--- Material for this task Enclosed Below ---

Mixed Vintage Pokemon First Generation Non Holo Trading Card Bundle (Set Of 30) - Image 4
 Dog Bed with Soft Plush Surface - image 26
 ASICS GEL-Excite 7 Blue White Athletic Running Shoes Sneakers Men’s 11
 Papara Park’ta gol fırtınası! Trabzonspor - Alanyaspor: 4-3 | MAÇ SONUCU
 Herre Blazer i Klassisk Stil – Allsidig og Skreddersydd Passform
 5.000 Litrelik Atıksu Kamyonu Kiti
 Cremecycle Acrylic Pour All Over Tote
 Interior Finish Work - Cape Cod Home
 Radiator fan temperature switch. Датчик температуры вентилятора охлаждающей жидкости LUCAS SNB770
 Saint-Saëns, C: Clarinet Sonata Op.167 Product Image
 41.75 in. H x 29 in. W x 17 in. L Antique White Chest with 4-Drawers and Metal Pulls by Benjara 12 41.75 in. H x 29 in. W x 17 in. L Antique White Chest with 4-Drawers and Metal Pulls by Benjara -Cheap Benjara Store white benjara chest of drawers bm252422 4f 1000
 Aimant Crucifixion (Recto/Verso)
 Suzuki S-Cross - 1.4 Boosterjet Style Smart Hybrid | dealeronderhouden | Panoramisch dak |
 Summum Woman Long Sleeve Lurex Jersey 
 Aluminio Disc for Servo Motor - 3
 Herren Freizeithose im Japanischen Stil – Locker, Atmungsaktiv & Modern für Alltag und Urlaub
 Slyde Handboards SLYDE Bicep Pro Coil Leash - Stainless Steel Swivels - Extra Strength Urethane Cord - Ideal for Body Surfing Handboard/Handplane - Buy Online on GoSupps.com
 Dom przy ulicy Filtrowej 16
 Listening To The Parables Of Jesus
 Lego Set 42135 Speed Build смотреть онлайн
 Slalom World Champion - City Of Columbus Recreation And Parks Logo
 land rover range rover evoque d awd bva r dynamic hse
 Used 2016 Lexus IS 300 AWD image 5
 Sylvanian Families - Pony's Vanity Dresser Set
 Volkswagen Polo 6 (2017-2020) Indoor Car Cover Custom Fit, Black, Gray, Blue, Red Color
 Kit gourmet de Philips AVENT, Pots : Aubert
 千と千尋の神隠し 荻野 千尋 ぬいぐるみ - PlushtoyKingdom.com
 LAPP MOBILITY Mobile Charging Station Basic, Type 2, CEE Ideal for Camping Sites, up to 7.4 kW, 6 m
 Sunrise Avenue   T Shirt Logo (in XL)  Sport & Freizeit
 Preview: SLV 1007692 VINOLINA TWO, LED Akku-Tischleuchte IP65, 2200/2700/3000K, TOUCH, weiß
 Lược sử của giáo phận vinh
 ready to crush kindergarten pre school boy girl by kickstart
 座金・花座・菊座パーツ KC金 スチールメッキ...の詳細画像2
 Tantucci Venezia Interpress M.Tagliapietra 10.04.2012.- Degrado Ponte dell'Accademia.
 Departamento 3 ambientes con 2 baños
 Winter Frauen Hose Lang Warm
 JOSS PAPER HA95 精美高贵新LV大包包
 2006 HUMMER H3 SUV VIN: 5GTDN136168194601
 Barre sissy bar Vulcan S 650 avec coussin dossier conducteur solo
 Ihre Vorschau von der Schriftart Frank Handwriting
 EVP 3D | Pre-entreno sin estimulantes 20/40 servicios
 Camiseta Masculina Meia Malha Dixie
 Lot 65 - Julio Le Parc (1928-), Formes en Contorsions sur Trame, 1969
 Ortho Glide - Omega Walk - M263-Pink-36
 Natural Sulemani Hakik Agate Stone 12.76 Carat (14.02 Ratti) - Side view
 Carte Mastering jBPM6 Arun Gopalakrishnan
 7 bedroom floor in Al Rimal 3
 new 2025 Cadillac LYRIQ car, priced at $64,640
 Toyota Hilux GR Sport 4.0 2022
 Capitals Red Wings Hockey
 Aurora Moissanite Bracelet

--- End of Enclosed Material for this task ---

Work item :: Which lines in the data hold the string "Sport"? Copy each of them.

Answer ::
 Sunrise Avenue   T Shirt Logo (in XL)  Sport & Freizeit
 Toyota Hilux GR Sport 4.0 2022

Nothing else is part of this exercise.